Lots of researchers who do computationally intense work could use more processing power. Many of them actually have that power available on their computers, but haven’t found a way to take advantage of it. The computational clout is in the multiple processor cores of the computer’s graphics system, where it is not easily accessible.
A tool like NVIDIA’s CUDA parallel computing model makes the GPU cores, up to 240 of them on the latest NVIDIA Tesla GPUs, available to programs. But to take maximum advantage of it, you have to be a skilled C or C++ programmer. The problem is that many of the people who would benefit most from high-performance computing are not software developers by profession. They write customized code out of necessity, but their primary work is in chemistry, geology, astronomy, physics or biology.

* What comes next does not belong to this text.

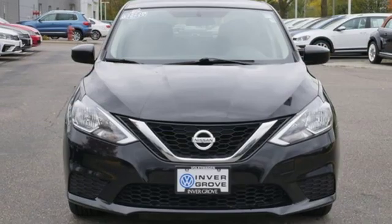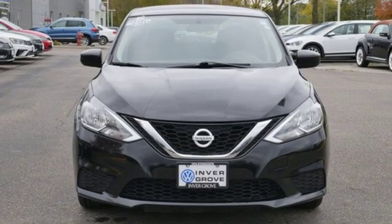Nissan — built for the human race. You need to drive it to believe it. See it for yourself today.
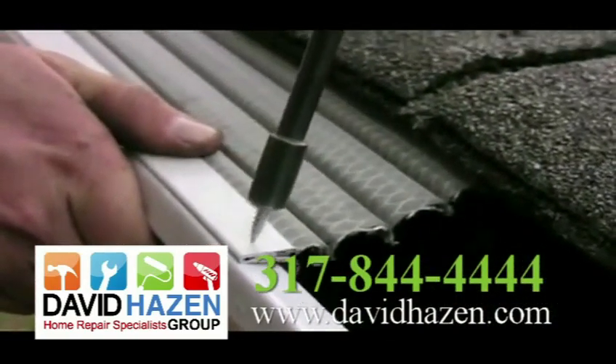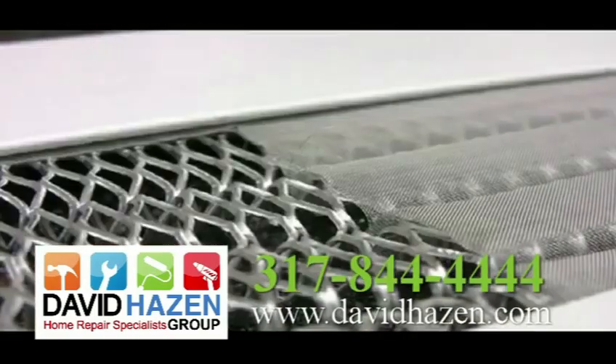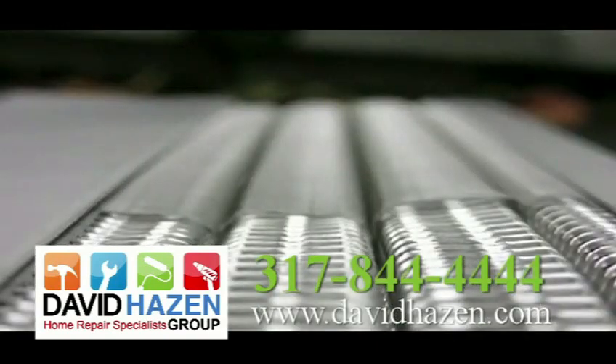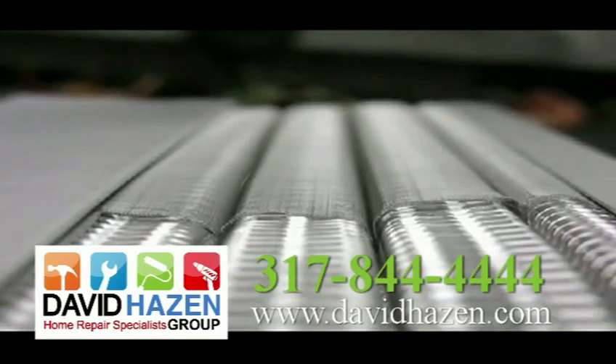Leaf Solution is simply the world's most effective gutter protection system. Made of aluminum and stainless steel micro mesh, the product will never rust, rot, or break down from UV rays.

Tech-X Corp., a Boulder, CO, software and consulting company specializing in high-performance scientific computing, is working to change that. Its GPUlib is a tool that brings GPU-based computing into the high-level tools used by researchers, including ITT Visual Information Solutions’ IDL, Mathworks’ MATLAB, and that trusty old laboratory standby, Fortran.
“Parallel computing used to be a very elite field,” says Peter Messmer, vice president for space applications at Tech-X. “Few applications are designed to take advantage of it. GPU processing makes it much more mainstream.” Until GPU processing came along, the cheapest way to get very high performance in the lab was by building a cluster of relatively inexpensive PCs, but this took skills that researchers who weren’t computer scientists or electrical engineers often lacked. “The GPU makes it much more mainstream,” says Messmer.